To verify the reaction mechanism, we isolated the putative Michael adduct (E)-alkoxyacrylate^[45] intermediate 7 and subjected it to the optimized Heck conditions, obtaining the furan 3g, albeit in slightly diminished yield when compared with the one-pot procedure (eq. 4). The nascent Michael–Heck adduct 2- furanylideneacetate 3ǵ was also prepared when using the tertiary alcohol 1ǵ (eq. 5). Notably, only (Z)-2-[furan-2(5H)-ylidene]acetate 3ǵ was isolated in 68% yield, supporting the occurrence of stereospecific syn-insertion and syn-elimination during the Heck process (vide infra). While the phosphine-catalyzed Michael addition of primary and secondary alcohols onto alkyl propiolates is well established, examples involving tertiary alcohols are extremely rare and often involve the use of more reactive PMe₃.^[46] We found, however, that employing PMe₃ resulted in the rapid polymerization of methyl propiolate. Tejedor’s insightful report on Lewis base–catalyzed addition of primary, secondary, and tertiary alcohols onto alkyl propiolates suggested that the increased basicity of a tertiary alcohol, as well as the decreased nucleophilicity of the corresponding tertiary alkoxide, made it unable to compete with the dimerization or polymerization of alkyl propiolates in the presence of amines or phosphine catalysts.^[17c] To remedy this quandary, we positioned a pK_a-lowering CF₃-substituent onto the tertiary alcohol.^[47] To our delight, we obtained the Michael adduct 8 from 1ǵ in 84% yield. Having verified the feasibility of the DABCO-catalyzed Michael addition of acidic tertiary alcohols onto methyl propiolate, we then subjected 1ǵ to the Heck conditions. Gratifyingly, the small amount of methyl propiolate dimer^[48] formed did not interfere with the Heck reaction, and the (Z)-2-[furan-2(5H)-ylidene]acetate 3ǵ was isolated in 68% yield. NOE correlations between the electron-deficient vinyl proton and the ortho phenyl protons confirmed the (Z)-geometry of 3ǵ.
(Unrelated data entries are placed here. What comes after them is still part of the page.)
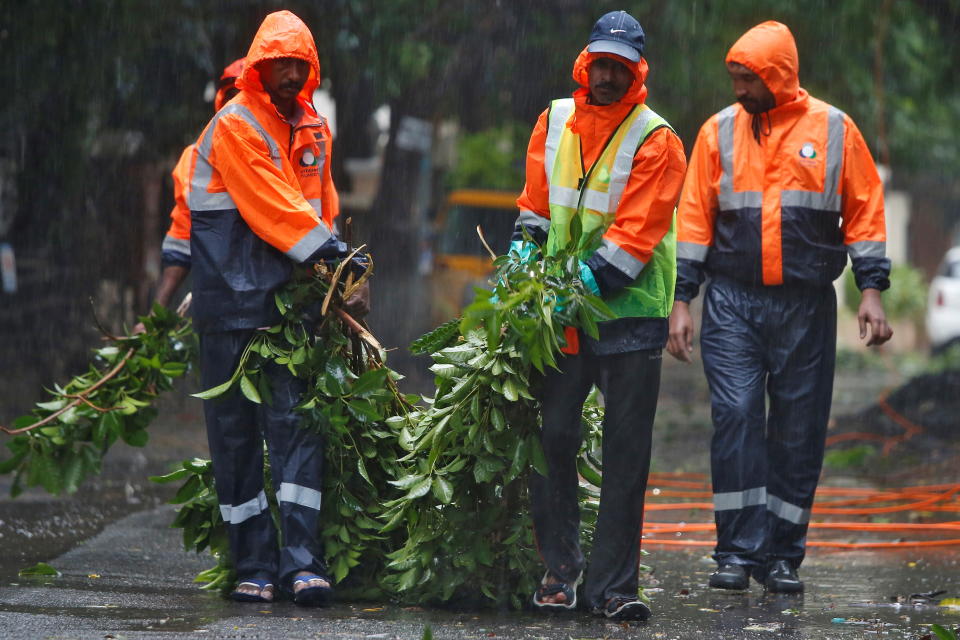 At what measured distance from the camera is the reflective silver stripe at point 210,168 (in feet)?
16.9

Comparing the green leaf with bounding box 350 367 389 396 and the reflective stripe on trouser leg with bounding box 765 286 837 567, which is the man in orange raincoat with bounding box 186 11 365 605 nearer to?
the green leaf with bounding box 350 367 389 396

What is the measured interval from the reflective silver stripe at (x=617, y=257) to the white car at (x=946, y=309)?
17.4m

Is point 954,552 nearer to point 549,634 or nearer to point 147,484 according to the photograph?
point 549,634

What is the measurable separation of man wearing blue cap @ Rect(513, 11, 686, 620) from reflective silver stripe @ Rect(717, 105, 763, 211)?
1039mm

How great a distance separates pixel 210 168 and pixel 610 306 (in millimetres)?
1463

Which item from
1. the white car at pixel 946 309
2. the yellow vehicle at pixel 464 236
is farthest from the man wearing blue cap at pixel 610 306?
the white car at pixel 946 309

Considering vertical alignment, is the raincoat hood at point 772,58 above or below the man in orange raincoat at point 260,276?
above

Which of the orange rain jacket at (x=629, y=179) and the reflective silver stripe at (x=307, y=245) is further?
the reflective silver stripe at (x=307, y=245)

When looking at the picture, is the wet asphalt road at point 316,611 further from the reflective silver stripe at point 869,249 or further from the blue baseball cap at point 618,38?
the blue baseball cap at point 618,38

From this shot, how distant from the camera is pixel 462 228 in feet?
70.4

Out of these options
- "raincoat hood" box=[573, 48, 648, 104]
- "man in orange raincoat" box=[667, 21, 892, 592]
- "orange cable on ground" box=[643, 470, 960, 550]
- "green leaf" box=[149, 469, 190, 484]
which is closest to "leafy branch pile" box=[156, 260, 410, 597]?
"green leaf" box=[149, 469, 190, 484]

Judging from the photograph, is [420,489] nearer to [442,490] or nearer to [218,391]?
[442,490]

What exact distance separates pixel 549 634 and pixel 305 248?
4.96ft

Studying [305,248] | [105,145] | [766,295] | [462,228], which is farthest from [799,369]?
[462,228] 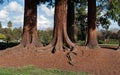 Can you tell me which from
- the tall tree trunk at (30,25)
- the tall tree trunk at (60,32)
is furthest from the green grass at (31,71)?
the tall tree trunk at (30,25)

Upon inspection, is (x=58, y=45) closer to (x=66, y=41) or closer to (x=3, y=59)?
(x=66, y=41)

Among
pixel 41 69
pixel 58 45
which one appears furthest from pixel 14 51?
pixel 41 69

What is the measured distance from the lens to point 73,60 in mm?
19953

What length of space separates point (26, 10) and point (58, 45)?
360cm

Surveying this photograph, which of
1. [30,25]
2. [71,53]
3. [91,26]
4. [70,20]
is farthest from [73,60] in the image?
[70,20]

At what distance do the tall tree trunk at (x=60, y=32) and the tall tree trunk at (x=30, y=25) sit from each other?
1311 millimetres

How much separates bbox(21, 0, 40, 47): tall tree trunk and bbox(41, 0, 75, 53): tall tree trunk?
1311 mm

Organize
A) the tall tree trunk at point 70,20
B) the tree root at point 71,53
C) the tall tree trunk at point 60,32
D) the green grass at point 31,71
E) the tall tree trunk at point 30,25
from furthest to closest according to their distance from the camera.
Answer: the tall tree trunk at point 70,20
the tall tree trunk at point 30,25
the tall tree trunk at point 60,32
the tree root at point 71,53
the green grass at point 31,71

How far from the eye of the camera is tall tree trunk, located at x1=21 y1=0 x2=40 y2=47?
74.6ft

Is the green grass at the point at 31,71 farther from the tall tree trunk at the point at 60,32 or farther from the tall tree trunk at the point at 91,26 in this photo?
the tall tree trunk at the point at 91,26

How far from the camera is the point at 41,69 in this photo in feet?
59.1

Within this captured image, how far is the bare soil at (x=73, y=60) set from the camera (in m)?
18.6

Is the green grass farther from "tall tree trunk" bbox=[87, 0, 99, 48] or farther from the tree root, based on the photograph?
"tall tree trunk" bbox=[87, 0, 99, 48]

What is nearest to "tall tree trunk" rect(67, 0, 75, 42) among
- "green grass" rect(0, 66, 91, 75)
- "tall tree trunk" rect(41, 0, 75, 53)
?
"tall tree trunk" rect(41, 0, 75, 53) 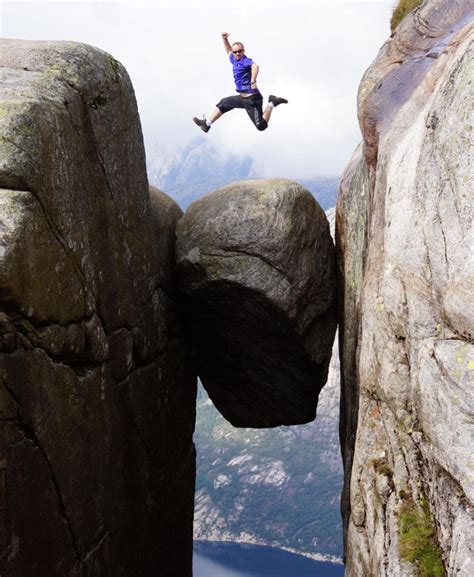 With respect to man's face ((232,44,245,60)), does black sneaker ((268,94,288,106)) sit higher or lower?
lower

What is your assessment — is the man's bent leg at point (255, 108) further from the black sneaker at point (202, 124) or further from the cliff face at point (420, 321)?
the cliff face at point (420, 321)

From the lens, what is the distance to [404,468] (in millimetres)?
11805

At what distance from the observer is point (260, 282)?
19.1 metres

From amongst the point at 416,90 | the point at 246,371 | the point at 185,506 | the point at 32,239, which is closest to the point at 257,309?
the point at 246,371

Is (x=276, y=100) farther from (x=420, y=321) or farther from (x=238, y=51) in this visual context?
(x=420, y=321)

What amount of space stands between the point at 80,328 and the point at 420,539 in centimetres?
655

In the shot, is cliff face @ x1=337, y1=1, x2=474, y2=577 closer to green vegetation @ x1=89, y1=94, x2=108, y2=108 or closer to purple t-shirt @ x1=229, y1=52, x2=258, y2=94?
green vegetation @ x1=89, y1=94, x2=108, y2=108

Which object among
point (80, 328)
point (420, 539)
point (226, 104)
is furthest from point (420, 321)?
point (226, 104)

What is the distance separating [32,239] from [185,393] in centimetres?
961

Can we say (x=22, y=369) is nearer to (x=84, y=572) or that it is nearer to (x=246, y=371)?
(x=84, y=572)

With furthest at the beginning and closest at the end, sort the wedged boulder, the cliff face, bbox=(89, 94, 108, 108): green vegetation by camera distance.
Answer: the wedged boulder → bbox=(89, 94, 108, 108): green vegetation → the cliff face

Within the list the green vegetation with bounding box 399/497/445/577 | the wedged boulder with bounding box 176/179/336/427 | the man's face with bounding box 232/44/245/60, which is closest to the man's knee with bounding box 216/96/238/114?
the man's face with bounding box 232/44/245/60

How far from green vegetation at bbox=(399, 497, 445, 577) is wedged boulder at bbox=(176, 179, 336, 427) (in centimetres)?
861

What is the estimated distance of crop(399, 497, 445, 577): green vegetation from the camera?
10352mm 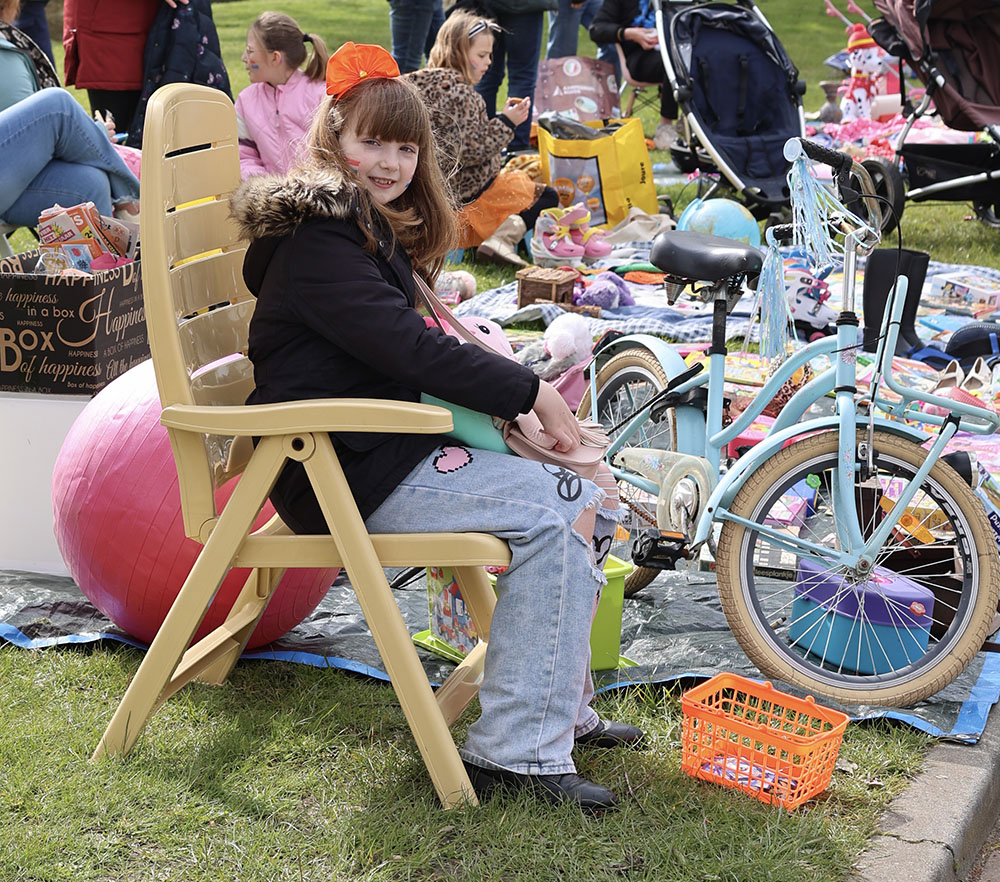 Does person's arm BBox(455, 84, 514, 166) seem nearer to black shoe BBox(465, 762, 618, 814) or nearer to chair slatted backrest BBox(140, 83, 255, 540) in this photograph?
chair slatted backrest BBox(140, 83, 255, 540)

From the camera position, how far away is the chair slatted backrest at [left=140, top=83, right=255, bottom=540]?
231cm

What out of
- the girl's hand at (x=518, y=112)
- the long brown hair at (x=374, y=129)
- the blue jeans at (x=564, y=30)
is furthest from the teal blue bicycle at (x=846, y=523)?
the blue jeans at (x=564, y=30)

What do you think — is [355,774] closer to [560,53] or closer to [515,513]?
[515,513]

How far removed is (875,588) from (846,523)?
0.67 ft

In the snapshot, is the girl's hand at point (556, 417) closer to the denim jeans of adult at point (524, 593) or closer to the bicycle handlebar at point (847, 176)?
the denim jeans of adult at point (524, 593)

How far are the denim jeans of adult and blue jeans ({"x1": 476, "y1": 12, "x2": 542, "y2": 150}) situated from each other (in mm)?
7077

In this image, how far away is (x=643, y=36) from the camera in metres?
10.1

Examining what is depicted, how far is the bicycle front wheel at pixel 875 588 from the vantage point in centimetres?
286

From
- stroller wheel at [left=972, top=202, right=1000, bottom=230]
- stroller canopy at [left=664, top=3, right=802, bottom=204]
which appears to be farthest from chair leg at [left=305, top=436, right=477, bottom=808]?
stroller wheel at [left=972, top=202, right=1000, bottom=230]

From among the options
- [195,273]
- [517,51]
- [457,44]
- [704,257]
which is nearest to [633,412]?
[704,257]

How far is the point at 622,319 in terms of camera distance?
6.25 metres

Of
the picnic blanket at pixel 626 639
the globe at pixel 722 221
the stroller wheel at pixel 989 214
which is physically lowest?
the stroller wheel at pixel 989 214

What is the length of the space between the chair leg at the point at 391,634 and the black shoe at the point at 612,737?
1.31 ft

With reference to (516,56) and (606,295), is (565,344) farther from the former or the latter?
(516,56) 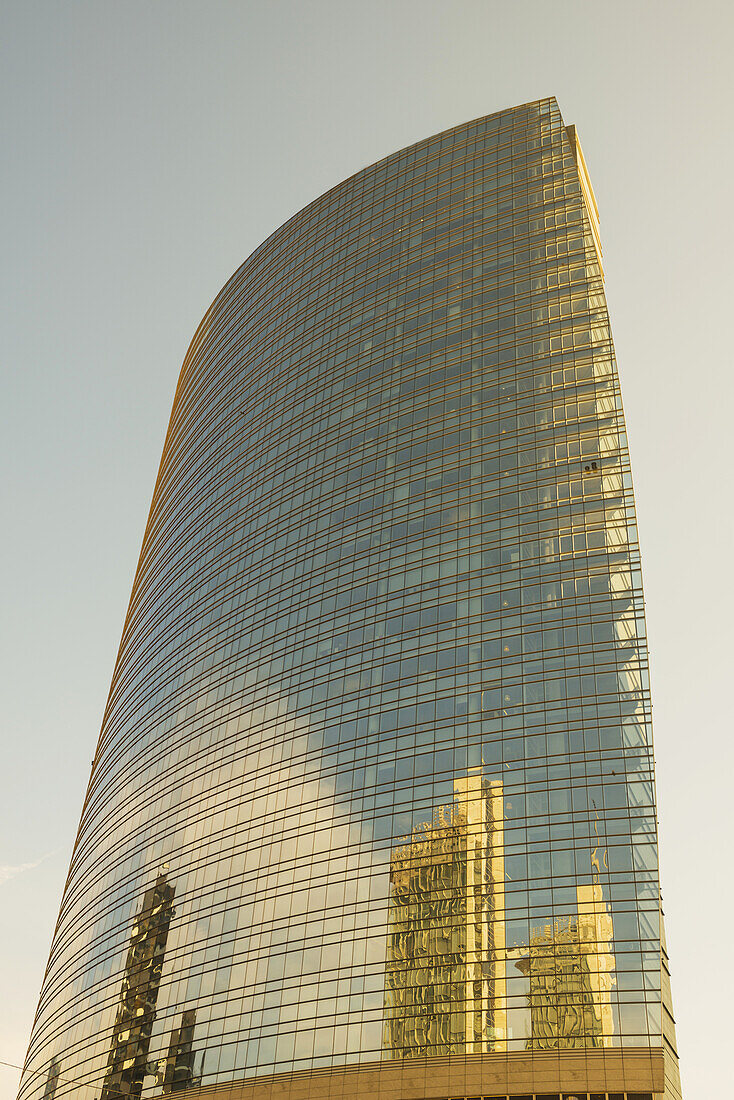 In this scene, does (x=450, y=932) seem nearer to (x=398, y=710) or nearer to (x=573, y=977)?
(x=573, y=977)

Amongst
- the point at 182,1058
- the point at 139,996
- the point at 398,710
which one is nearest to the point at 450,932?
the point at 398,710

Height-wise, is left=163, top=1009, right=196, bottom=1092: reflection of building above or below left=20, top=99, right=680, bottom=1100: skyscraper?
below

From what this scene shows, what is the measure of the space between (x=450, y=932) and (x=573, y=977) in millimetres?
9013

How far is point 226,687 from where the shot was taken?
9719cm

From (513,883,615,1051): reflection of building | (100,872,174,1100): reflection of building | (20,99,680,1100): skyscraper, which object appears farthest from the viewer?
(100,872,174,1100): reflection of building

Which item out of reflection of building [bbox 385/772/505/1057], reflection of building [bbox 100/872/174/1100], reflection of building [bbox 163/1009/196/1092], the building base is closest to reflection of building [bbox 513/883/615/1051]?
the building base

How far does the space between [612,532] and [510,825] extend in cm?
2262

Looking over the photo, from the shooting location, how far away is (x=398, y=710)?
7781 cm

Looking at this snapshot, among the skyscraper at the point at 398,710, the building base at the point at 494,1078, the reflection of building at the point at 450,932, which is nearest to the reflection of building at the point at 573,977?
the skyscraper at the point at 398,710

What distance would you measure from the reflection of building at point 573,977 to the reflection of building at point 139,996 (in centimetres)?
3735

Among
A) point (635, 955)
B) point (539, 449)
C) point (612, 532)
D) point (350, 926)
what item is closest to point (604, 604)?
point (612, 532)

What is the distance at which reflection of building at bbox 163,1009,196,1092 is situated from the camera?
→ 7671 centimetres

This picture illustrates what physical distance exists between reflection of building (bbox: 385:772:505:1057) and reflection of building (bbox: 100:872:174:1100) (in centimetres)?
2727

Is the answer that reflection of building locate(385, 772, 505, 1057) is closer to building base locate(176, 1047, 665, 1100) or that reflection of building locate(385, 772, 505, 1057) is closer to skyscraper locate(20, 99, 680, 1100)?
skyscraper locate(20, 99, 680, 1100) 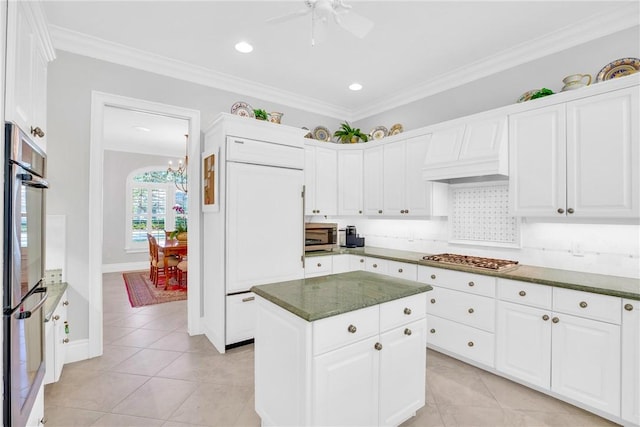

The observations described above underpin the following mechanism for our Michael–Heck reaction (Scheme 3B). Initially, tributylphosphine adds onto the electron-deficient acetylene to produce the zwitterion A, which deprotonates the alcohol 1 to form the corresponding phosphonium alkoxide ion pair B. The alkoxide ion then adds onto the β-phosphonium enoate to produce the zwitterion C, which eliminates tributylphosphine to furnish the Michael adduct 7/8. Subsequent oxidative addition of the Pd(0) complex leads to D, which undergoes syn-carbopalladation to produce the dihydrofuran intermediate E. After rotation about the C–C single bond, the resulting intermediate F undergoes stereospecific syn-β-hydride elimination to generate (Z)-2-[furan-2(5H)-ylidene]acetate G, which spontaneously undergoes aromatization to give the desired furan products when one of the C5 substituents is a hydrogen atom.

Scheme 3.

Mechanistic investigations

In conclusion, we have developed a Michael–Heck protocol for the versatile synthesis of furans of various substitution patterns from (Z)-3-halo-2-propen-1-ols and propiolates. Notably, this method produced, for the first time, furans substituted with four different alkyl groups. The C2-carboxymethyl group derived from the propiolate can then be used conveniently as a handle for further transformations. We have demonstrated the applicability of this new protocol through total syntheses of the P. simplex marine sponge natural products plakorsins A, B, and D and plakorsin D methyl ester; the furanoterpenes rosefuran, sesquirosefuran, and mikanifuran; and the F-acids 3D5 and hydromumiamicin. Employing (Z)-β-halo allylic alcohols, which are readily available, this method offers a general entry to the direct and regioselective syntheses of F-acids and other biologically important polyalkyl furans.